El ciudadanismo es la ideología mejor adaptada a las conurbaciones,
puesto que realmente no necesita de un espacio público para reproducirse, sino
de algo que se le asemeje, una especie de espacio formal y simbólico en el que
representar un debate aparente. Para que uno real pueda darse ha de existir un
público real, una comunidad de lucha, pero una comunidad de ese estilo –un
sujeto colectivo- es todo lo contrario de una asamblea ciudadana, agregado
volátil de individualidades mutiladas que imita los gestos de la discusión
directa sin concluir por lo tanto en la dirección requerida, pues
cuidadosamente evita el riesgo rehuyendo el combate.

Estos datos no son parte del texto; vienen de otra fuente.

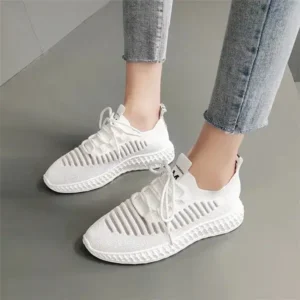 Jushicloth Women Fashion Mesh Cloth Lace-Up Sneakers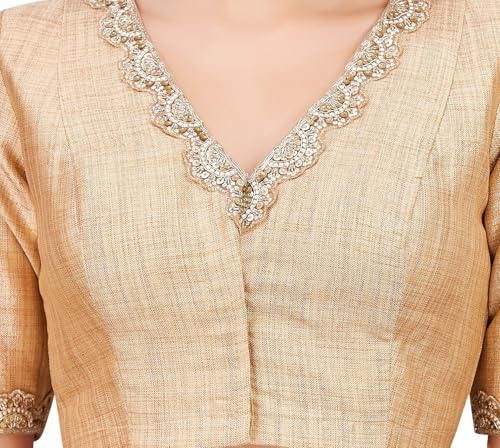 Image of Studio Shringaar Crepe Women's Linen Brocade Embroidered V-Neck Readymade Saree With Elbow Length Sleeves Blouse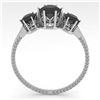 Image 3 : 1 ctw Past Present Future Black Diamond Ring 18k White Gold - REF-52W5H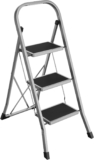 SONGMICS Step Ladder, 3-Step Ladder, Folding Ladder, Safety Lock, Space-Saving Storage, Holds up to 150 kg, Dove Grey GSL003GY01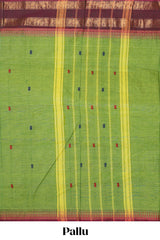 Green motifs design chettinad cotton saree with contrast zari border and matching blouse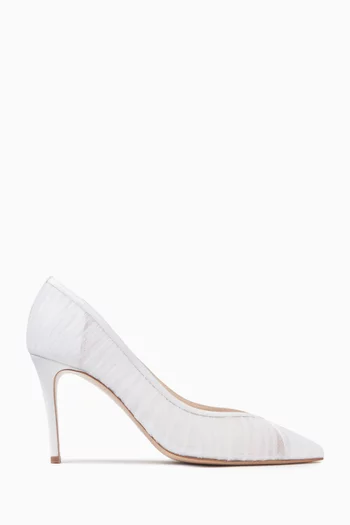Nora 85 Pumps in Tulle & Satin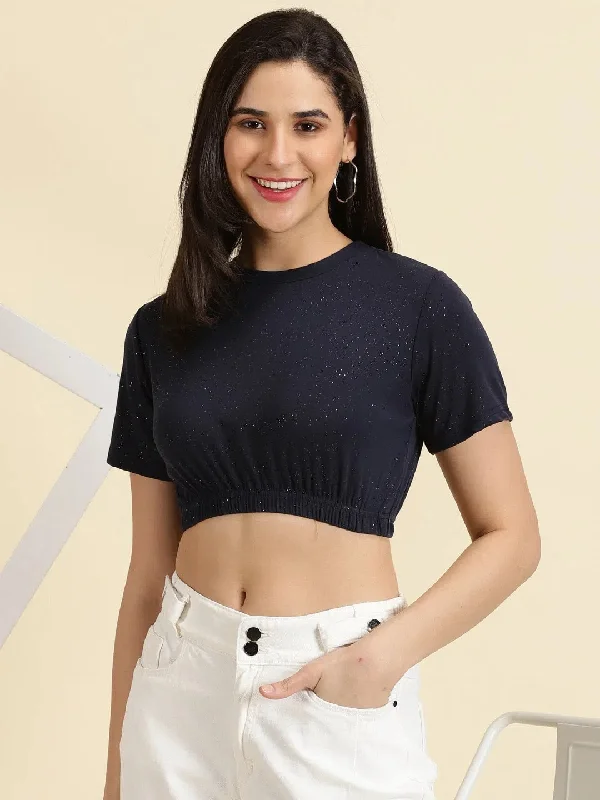 Women's Navy Blue Embellished Cinched Waist Crop Top-AE-10633-Navyblue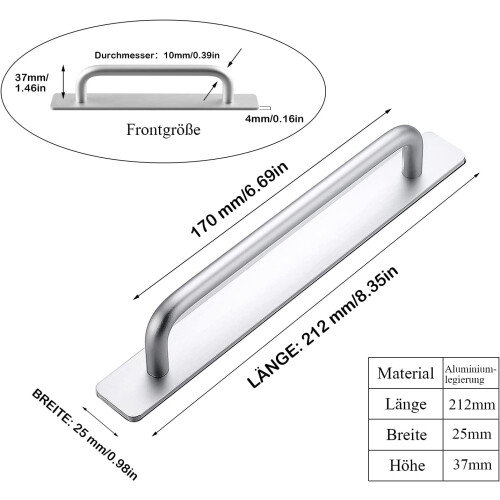 Selbstklebende Möbelgriffe, Aluminium Schrankgriffe, Türgriffe. 2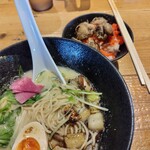 鶏そば炭や - 特製炭焼き鶏そば1200円焼鳥を明太子ご飯に!!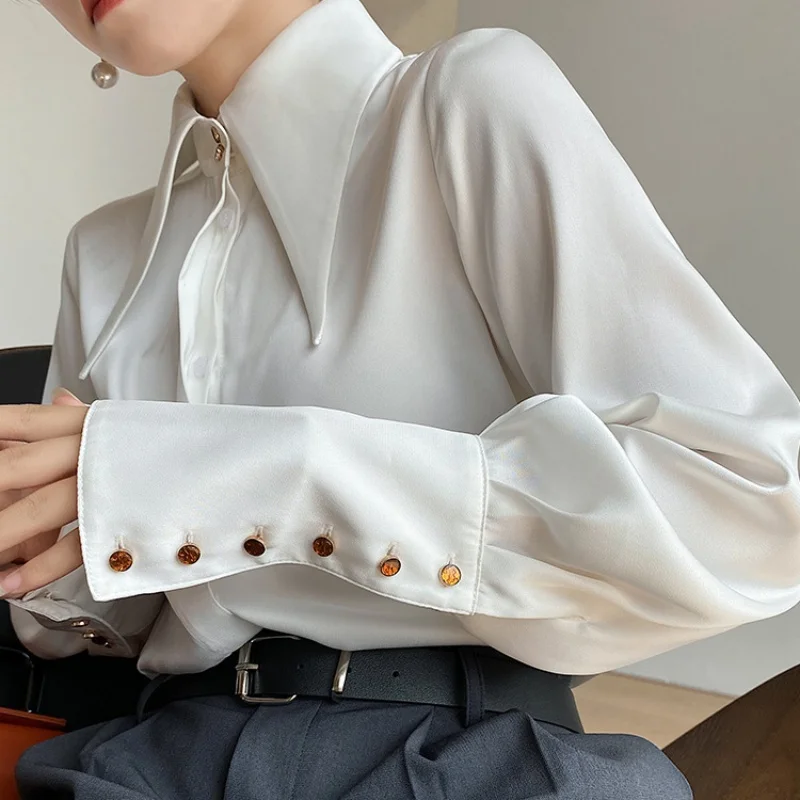 Vintage Turn Down Collar Shirts 2024 Fashion Office Lady Elegant Tops Long Sleeve Satin Blouses Autumn Casual Clothing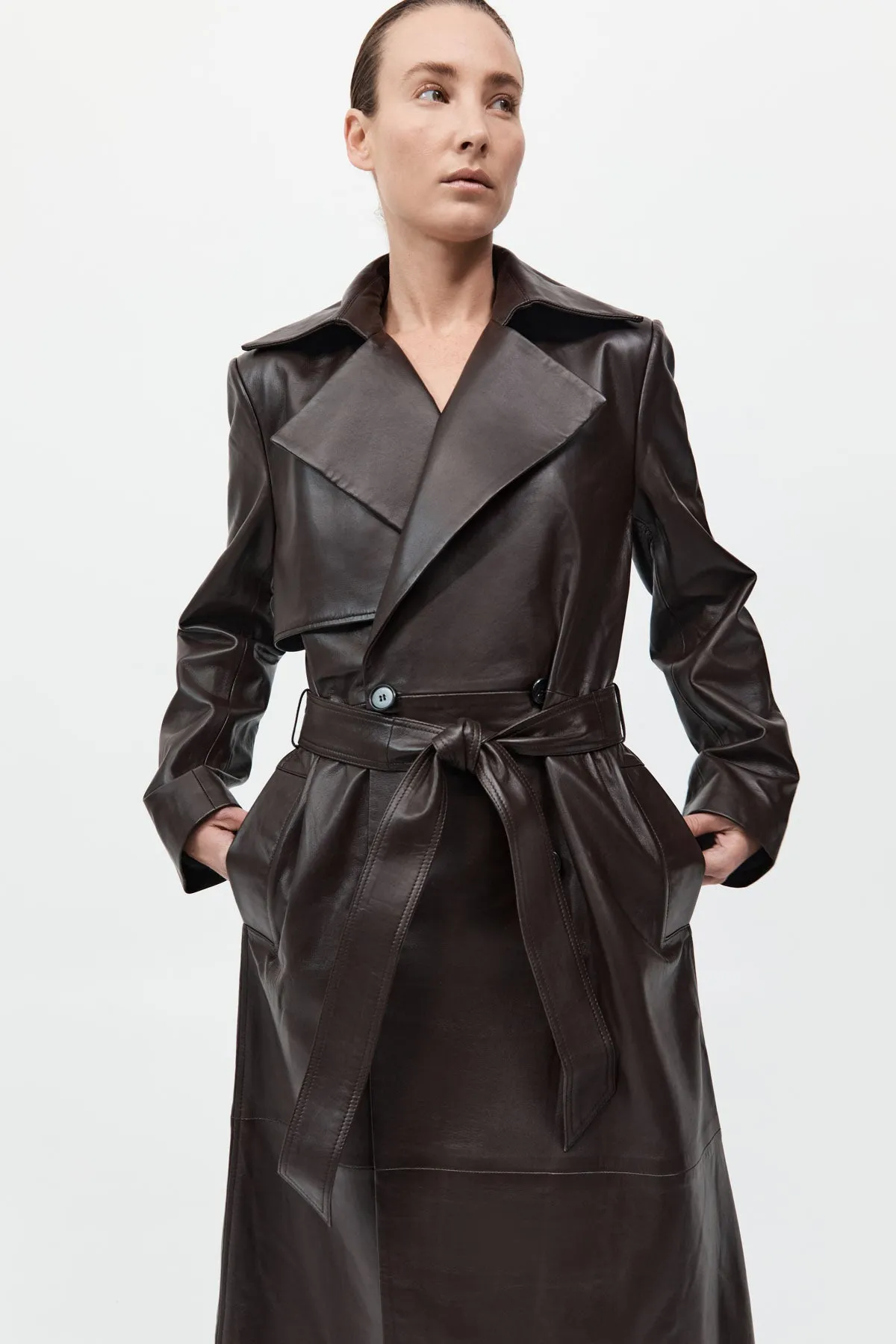 Leather Trench Coat - Chocolate sold by St. Agni product image thumbnail 3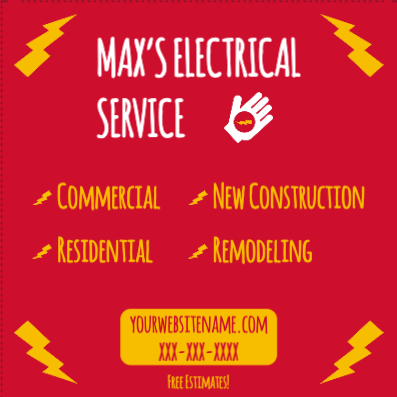 Custom Outdoor Yard Signs Multiple Sizes Electrical Service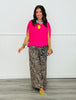Leopard Print Ruffle Hem Pants (Reg. and Plus)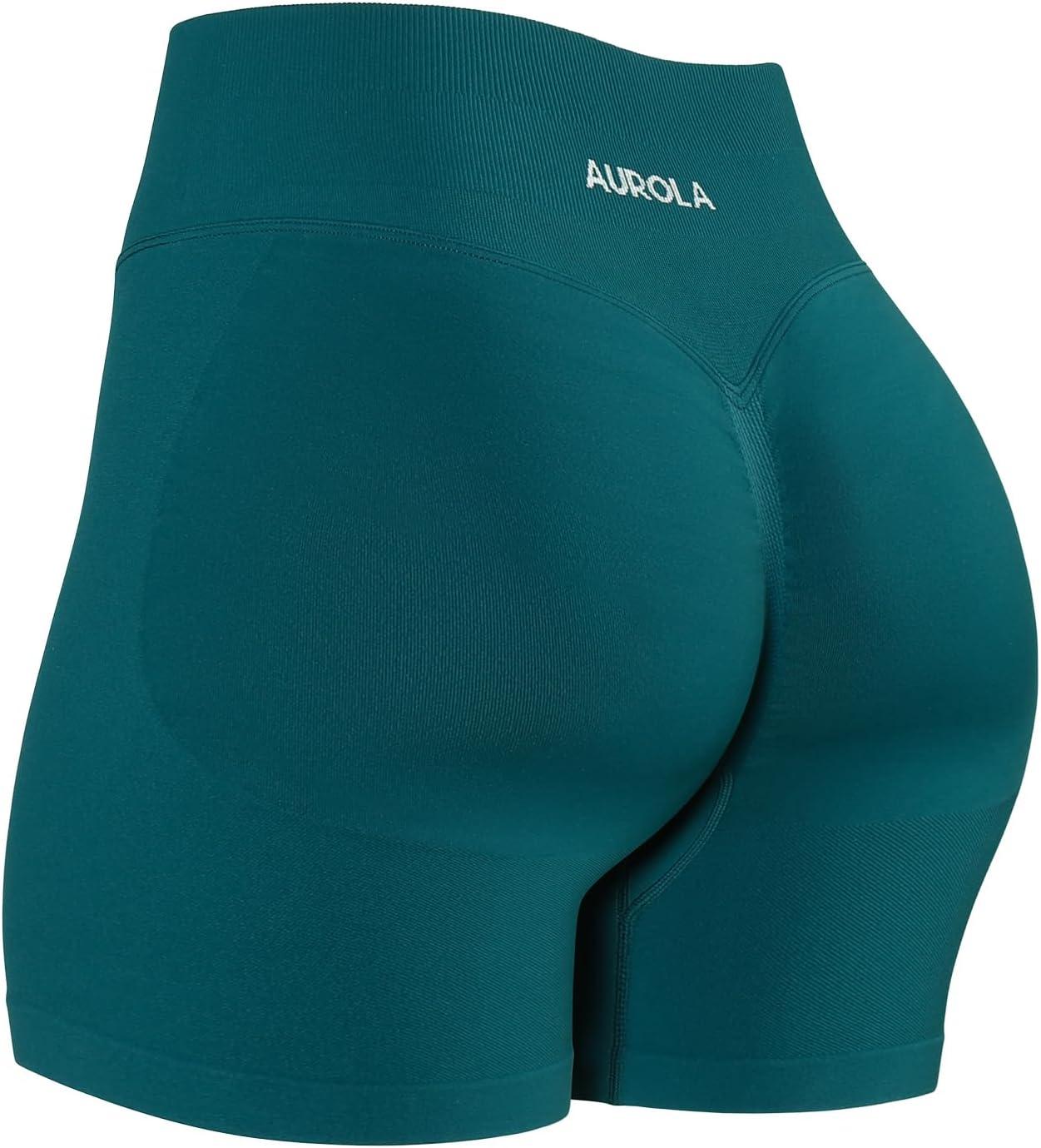 imageAUROLA Influence Workout Shorts for Women25 35 45 55 65 No Roll Up Squat Proof Scrunch Seamless Compression Gym ShortDeep Teal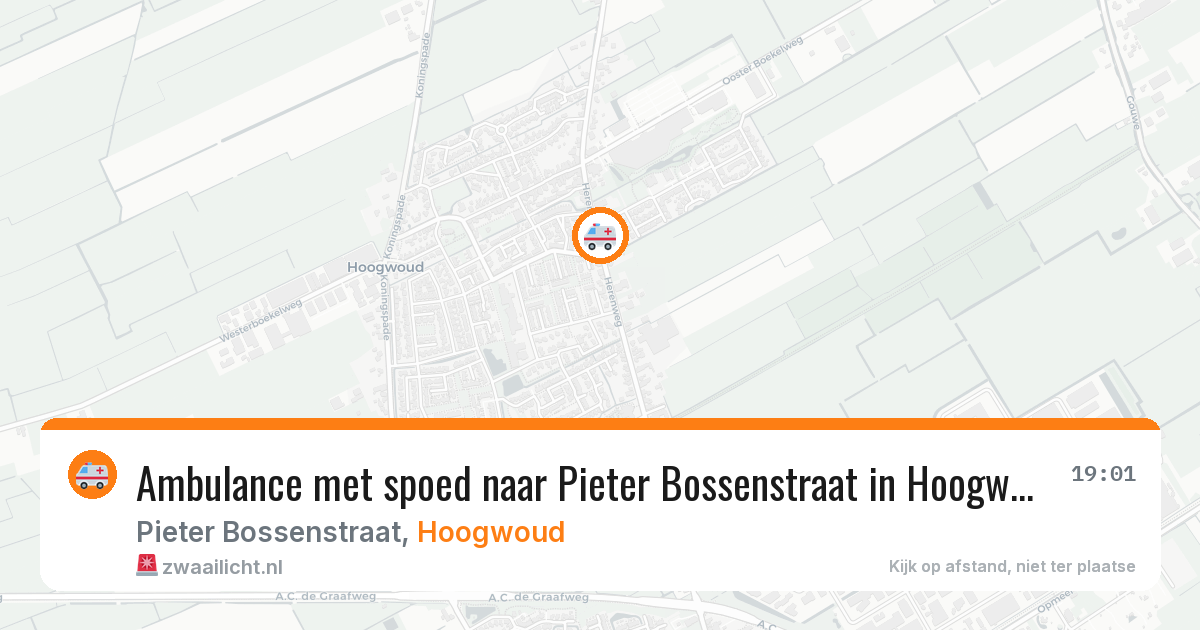 Ambulance met spoed naar Pieter Bossenstraat in Hoogwoud — 18 jan 2026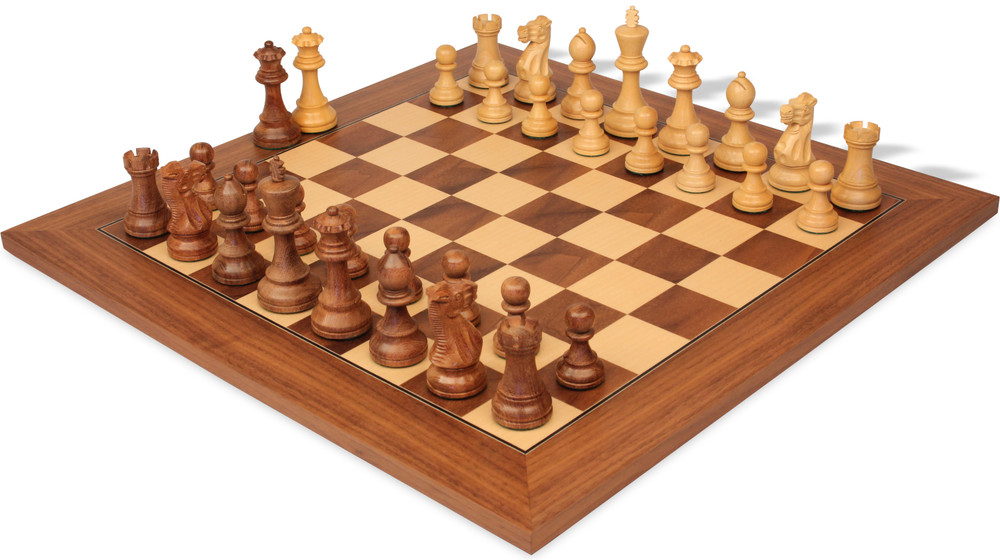 Parker Staunton Chess Set Acacia & Boxwood Pieces with Walnut & Maple Deluxe Board- 3.75" King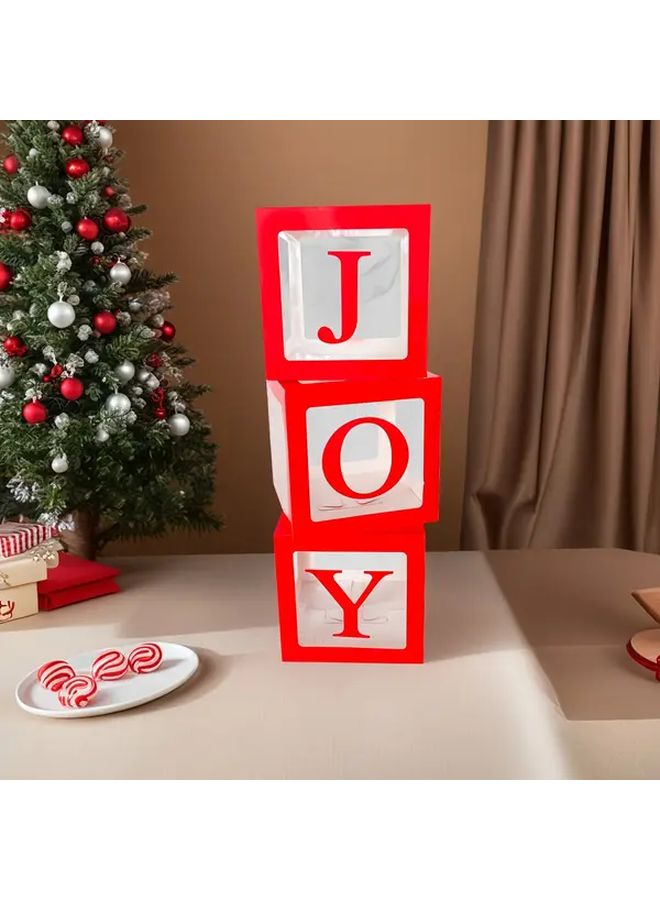 Large Red Transparent JOY25 Balloon Box With Clear Lid And Sturdy Base - Image 4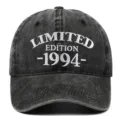 Detailed front view of washed black vintage baseball cap with 1994 limited edition embroidery - One Size / 1994 Style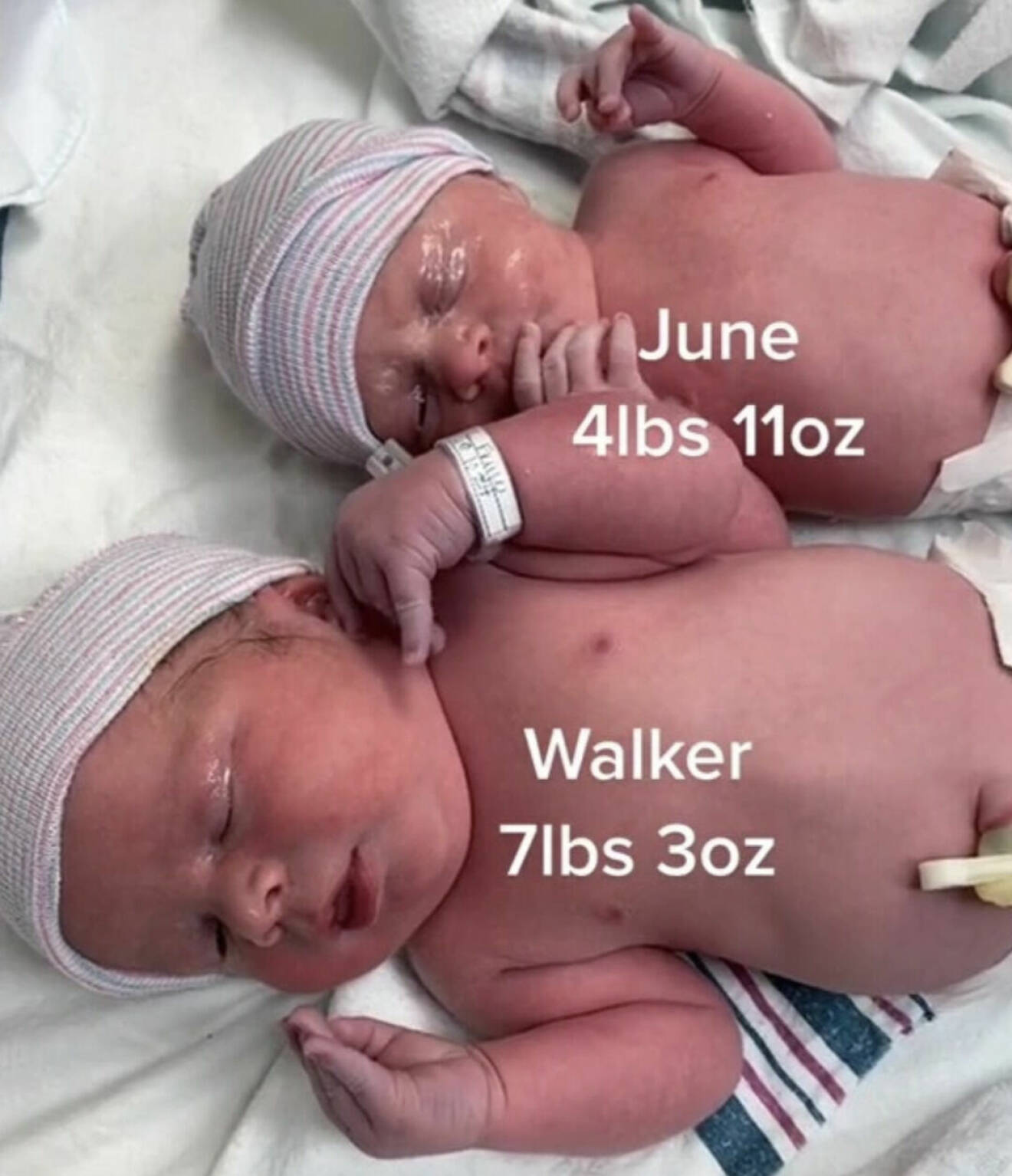 Första bebisbilderna. Walker är uppenbart mycket större än sin syster redan från födseln.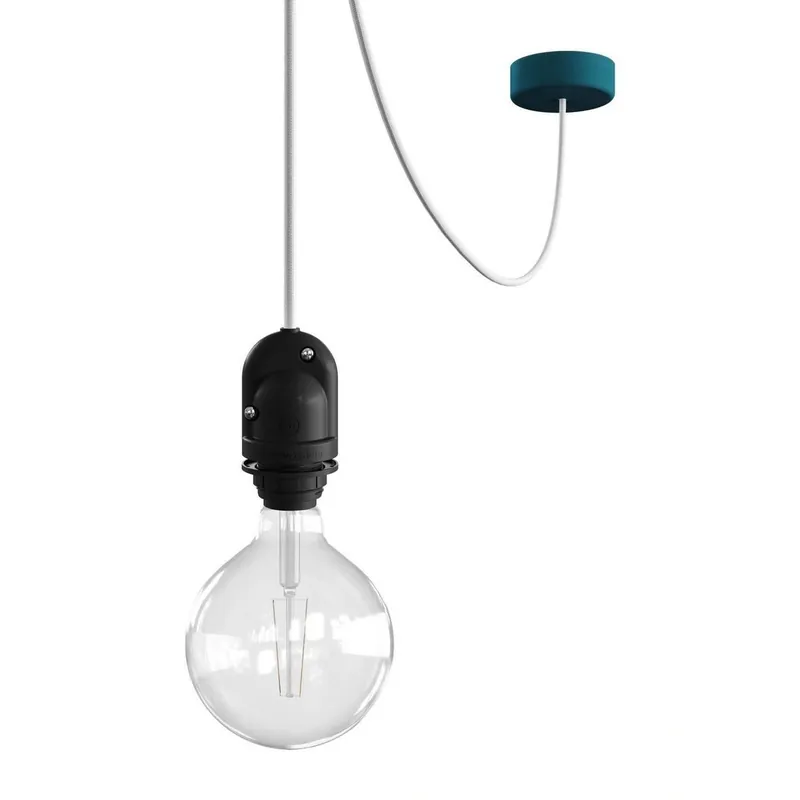 EIVA Zewnętrzna lampa wisząca na stelażu z 5-metrowym kablem tekstylnym, decentralizatorem, silikonową rozetą sufitową i Creative cables BPDECLF4-PDEPE50SM01 - Taniej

Sus batallas son puro
ruido y su heroicidad, nada más que pose. Una comunidad de lucha –una fuerza
social histórica- solamente puede formarse a partir de una voluntad consciente
de separación, de un esfuerzo desertor hijo de la oposición total al sistema
capitalista, o lo que es lo mismo, del cuestionamiento profundo del modo de
vida industrial, o sea, de la ruptura con sociedad urbana. Paro juvenil o
recorte presupuestario, el punto de partida es lo de menos pues si los ánimos
se caldean todos conducen al mismo sitio; lo principal reside en el logro de
autonomía suficiente para desviarse de los cauces establecidos yendo al fondo
de la cuestión –la libertad- sin mediadores “responsables” ni tutores
vigilantes. Y eso no se consigue más que marcando distancias claras con el
bando de la dominación y disponiéndose a una larga y ardua lucha contra ella.